5) A la femme, les dieux donnèrent certaines graines de maïs, pour qu’elle pût procéder à des guérisons et se servir de divination et de sorcellerie, usages que les femmes d’aujourd’hui pratiquent toujours.

6) Ensuite ils créèrent les jours et les répartirent en mois de vingt jours, en sorte qu’ils comptèrent dix-huit mois pour chaque année et que le nombre de jours fut de trois cent soixante, comme on le dira plus loin.

7) Puis ils créèrent Mitlitlatteclet (Mictlantecuhtli) et Michitecaciglat (Mictecacihuatl), mari et femme, dieux de l’enfer. C’est là qu’ils les placèrent.

8) Puis ils créèrent les ciels, allant jusqu’au treizième ciel, et ils créèrent l’eau,

9) et dans l’eau ils créèrent un grand poisson, cipoa quacli (Cipactli), qui est comme un caïman, et de ce poisson ils firent la terre…

Les éléments formateurs de la pensée nahuatl élaborent enfin, à partir de la répartition des quatre Tezcatlipoca, le quadrant cosmique qui distribue les quatre points solsticiaux, les quatre coins de l’Univers (avec ses différentes couleurs), les quatre fois cinq 1341 signes du système calendaire, mais surtout les quatre porteurs soutiens du ciel, représentés par Tezcatlipoca (sous le nom de Tezcacuáhuitl, « Arbre aux miroirs ») et Quetzalcóatl (sous le nom de Quetzalhuéxotl, « Saule précieux »). Recevant l’aide de quatre hom­mes-dieux, les Atlantes Tolteca, ces derniers portent le ciel.

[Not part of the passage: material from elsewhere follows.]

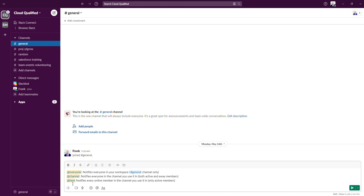So if we start with the @everyone mention, the @everyone mention can only be used in the general channel, which we're actually currently in. This is the channel that all members except guests are automatically added to as members of a workspace. This mention notifies everyone in the channel, regardless if their availability is set to active or away.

La séparation du ciel et de la terre, accomplie par Quetzalcóatl et Tezcatlipoca, dans la métaphore de leur transformation en arbres, ou par les quatre hommes-dieux Cuauhtémoc « Soleil dans son déclin », Itzcóatl « Serpent d’obsidienne », Itzmalli et Tenexúchitl, représente le chemin emprunté par les « entités animiques » 1342 pour rejoindre, par l’intérieur des troncs, le paradis du Tamoanchan. Le retour à l’origine passe par le retour au centre et à la circulation des flux contraires de l’Arbre cosmique.

Notes
1334.

Raphaël Girard, L’ésotérisme du Popol Vuh, op. cit., p. 21.

1335.

Miguel León-Portilla, La pensée aztèque, op. cit., p. 101.

1336.

Ibidem.

1337.

Fray Bernardino De Sahagún, Historia general de las cosas de Nueva España, Ed. Porrúa, México, 1981.

1338.

Appelé aussi Ixtlilton, « carinegrillo », dieu de la médecine et des ivrognes, présenté comme une autre variante de Tezcatlipoca.

1339.

Enrique Florescano, Memoria mexicana, op. cit., p. 122.

1340.

Miguel León-Portilla, La pensée aztèque, op. cit., p. 90.

1341.

Le Cempohualtonalli, c’est-à-dire le « compte de la vingtaine ».

1342.

Alfredo López Austin, Les paradis de brume, IHEAL, Maisonneuve et Larose, 1997.